Bazen yabancı oyun dergilerini feci kıskanıyorum. Adamlar oyun stüdyolarıyla direkt bağlantıya geçip canlarının istediği zaman stüdyolarına konuk olabiliyor, özel etkinliklere şıp diye damlayabiliyor ve son oyunlarını herkesten önce oynama fırsatı bulabiliyorlar. Hele o oyunun adı The Wicther 3 olunca iyice ifrit oluyorum!
Geçtiğimiz Hands-on etkinliğinde Geralt’ın son macerasını yakından deneme fırsatı bulan ekiplerden biri de Kotaku’ydu.
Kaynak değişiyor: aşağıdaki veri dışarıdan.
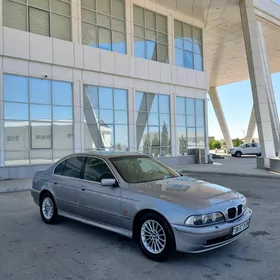 BMW E39 2003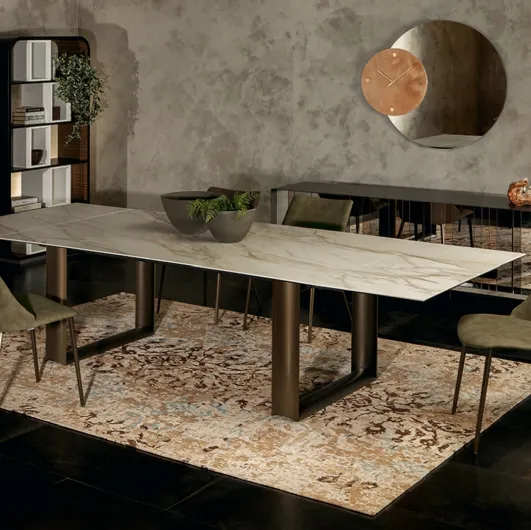 Cube extendable table by Tonin Casa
Ancak görünen o ki bu şansı elde eden editör umduğunu pek bulamamış. Çünkü The Witcher 3’ü, “Eh, oyundu işte,” diye tanımlıyor kendisi.
“San Francisco’da düzenlenen The Witcher 3: Wild Hunt özel gösteriminden döndükten sonra oyunun nasıl olduğunu soran bir arkadaşıma aynen böyle söyledim. ‘Bilmem, sanırım fena değildi,’ diye ekledim sonra da.
“Doğaüstü yaratıkları ve doğaüstü olmayan haydutları kovalayarak, diyaloglarda karşımdakilere sert çıkarak pek çok saat geçirdim ama bana ‘vay canına’ dedirtecek hiçbir şey yaşamadım. Her şey oldukça güzel görünüyordu aslında, ama ‘ben bunları daha önce de yapmıştım’ hissinden bir türlü kurtulamadım. Görevler almak, NPC’lerin üzücü hikâyelerini anlatmalarını dinlemek, gizemli bir at diyarında yaşayan ve her daim hazır bulunan bineğimi bir ıslıkla çağırmak… tüm bunlar Skyrim ve Dragon Age gibi açık dünyamsı RYO oyunlarından alışık olduğumuz bir ritim. Attığım her adım, iyi ya da kötü, alışkanlıktan kaynaklıydı.”
Kotaku editörü makalesine savaş sisteminin artık daha iyi, ama hâla biraz hantal olduğunu; savaşları tıpkı ikinci oyundaki kadar zor bulduğunu, pek çok ufak hatayla karşılaştığını; envanter ve iksir ekranlarının henüz tam oturmadığını; Geralt’ın zıplama ve tırmanma yeteneklerini beğenmediğini belirterek devam etmiş.
Bununla birlikte, daha sonra eve döndüğünde kendini Witcher 2’yi tekrar kurarken bulduğunu itiraf etmiş. Ayrıca her quest’in sahiden de bir hikayesi olduğuna, oyunun gerçekten de bir Witcher gibi hissetmenizi sağladığına ve yeni ‘Witcher-Sense’ özelliğini çok beğendiğine deyinmeyi de ihmal etmemiş.